= WHAT YOU ARE ASKED TO DO =
Go to the line containing "Picnic - color" in the records below and print it and every following line exactly, on through the line containing "puff-sleeve midi dress - 2", then stop.

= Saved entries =
--------------------

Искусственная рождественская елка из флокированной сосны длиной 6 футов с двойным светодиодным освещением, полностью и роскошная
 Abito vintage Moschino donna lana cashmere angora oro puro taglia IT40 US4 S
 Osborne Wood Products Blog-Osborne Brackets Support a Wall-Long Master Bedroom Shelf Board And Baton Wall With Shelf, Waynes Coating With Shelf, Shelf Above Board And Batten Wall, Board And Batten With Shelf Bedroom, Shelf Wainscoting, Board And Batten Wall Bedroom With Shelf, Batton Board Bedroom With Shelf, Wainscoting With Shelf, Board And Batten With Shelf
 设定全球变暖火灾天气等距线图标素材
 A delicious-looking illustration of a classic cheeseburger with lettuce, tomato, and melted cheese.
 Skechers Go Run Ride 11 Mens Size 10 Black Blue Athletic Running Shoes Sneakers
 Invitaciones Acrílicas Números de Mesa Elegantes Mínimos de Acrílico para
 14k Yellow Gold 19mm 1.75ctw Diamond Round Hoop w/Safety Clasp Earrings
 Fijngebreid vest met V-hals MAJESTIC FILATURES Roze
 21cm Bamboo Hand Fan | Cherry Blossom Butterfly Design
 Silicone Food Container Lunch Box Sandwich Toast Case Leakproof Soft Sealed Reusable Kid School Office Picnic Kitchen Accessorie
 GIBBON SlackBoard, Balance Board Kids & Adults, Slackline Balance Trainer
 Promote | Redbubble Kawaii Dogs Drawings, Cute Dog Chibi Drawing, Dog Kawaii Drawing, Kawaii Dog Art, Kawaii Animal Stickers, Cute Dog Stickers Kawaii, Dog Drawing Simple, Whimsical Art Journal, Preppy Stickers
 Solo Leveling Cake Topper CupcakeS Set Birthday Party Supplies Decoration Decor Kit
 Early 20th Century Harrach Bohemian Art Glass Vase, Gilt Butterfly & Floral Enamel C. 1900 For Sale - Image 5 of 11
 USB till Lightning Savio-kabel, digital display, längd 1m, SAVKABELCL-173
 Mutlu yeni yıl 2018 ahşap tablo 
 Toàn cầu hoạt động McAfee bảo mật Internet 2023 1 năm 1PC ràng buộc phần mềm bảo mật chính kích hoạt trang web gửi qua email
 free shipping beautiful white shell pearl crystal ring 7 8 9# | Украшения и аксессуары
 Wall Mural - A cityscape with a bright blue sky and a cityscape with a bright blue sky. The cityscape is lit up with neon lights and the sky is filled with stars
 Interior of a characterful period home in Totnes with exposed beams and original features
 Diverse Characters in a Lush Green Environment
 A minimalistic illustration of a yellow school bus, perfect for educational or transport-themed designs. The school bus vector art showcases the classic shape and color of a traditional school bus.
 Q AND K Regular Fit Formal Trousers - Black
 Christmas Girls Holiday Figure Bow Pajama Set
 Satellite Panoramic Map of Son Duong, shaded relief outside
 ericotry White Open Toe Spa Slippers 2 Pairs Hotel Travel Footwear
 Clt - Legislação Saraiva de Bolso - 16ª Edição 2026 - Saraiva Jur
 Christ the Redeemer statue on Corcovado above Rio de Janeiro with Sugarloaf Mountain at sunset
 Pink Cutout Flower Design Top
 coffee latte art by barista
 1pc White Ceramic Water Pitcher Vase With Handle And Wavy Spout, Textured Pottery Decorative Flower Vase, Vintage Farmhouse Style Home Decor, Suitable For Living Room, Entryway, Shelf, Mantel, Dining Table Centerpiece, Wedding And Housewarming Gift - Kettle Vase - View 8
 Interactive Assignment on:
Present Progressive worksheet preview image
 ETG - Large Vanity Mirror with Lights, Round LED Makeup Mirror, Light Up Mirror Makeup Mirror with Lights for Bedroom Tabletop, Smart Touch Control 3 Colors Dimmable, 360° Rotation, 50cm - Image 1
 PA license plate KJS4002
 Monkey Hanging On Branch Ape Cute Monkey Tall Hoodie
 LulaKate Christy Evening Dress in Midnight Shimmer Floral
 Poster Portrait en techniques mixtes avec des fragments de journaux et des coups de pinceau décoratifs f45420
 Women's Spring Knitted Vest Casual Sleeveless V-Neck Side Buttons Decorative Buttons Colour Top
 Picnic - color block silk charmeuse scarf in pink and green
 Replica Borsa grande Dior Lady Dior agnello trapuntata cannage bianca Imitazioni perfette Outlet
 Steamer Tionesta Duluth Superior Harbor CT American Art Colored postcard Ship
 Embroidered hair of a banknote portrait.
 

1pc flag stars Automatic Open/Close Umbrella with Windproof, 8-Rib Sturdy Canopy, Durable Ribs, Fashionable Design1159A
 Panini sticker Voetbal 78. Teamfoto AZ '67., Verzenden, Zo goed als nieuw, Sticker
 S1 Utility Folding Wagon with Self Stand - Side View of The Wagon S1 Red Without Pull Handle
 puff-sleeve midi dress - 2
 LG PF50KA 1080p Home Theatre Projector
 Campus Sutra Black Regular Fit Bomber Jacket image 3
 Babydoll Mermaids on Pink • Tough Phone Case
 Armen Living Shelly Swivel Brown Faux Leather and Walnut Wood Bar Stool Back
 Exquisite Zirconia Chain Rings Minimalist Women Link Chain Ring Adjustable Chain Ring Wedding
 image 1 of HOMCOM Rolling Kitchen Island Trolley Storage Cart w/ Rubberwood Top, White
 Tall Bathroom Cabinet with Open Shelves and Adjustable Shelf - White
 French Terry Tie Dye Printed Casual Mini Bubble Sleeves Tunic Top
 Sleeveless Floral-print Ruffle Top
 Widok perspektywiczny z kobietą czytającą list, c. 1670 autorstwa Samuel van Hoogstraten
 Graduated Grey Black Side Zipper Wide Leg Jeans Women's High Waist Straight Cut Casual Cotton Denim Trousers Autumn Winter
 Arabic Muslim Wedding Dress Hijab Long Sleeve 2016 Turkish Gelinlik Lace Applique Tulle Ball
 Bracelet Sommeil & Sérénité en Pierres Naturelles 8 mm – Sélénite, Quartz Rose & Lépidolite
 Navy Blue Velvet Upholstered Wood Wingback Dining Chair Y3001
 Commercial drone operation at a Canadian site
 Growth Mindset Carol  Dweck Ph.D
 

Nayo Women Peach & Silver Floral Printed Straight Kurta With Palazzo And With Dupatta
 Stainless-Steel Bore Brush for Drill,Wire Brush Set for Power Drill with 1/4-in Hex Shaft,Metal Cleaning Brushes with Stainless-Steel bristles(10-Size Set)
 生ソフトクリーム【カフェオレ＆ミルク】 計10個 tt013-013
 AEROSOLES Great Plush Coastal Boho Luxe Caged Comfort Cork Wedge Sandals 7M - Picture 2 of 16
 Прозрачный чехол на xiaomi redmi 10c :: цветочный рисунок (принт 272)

--------------------

= EXPECTED ANSWER =
 Picnic - color block silk charmeuse scarf in pink and green
 Replica Borsa grande Dior Lady Dior agnello trapuntata cannage bianca Imitazioni perfette Outlet
 Steamer Tionesta Duluth Superior Harbor CT American Art Colored postcard Ship
 Embroidered hair of a banknote portrait.
 

1pc flag stars Automatic Open/Close Umbrella with Windproof, 8-Rib Sturdy Canopy, Durable Ribs, Fashionable Design1159A
 Panini sticker Voetbal 78. Teamfoto AZ '67., Verzenden, Zo goed als nieuw, Sticker
 S1 Utility Folding Wagon with Self Stand - Side View of The Wagon S1 Red Without Pull Handle
 puff-sleeve midi dress - 2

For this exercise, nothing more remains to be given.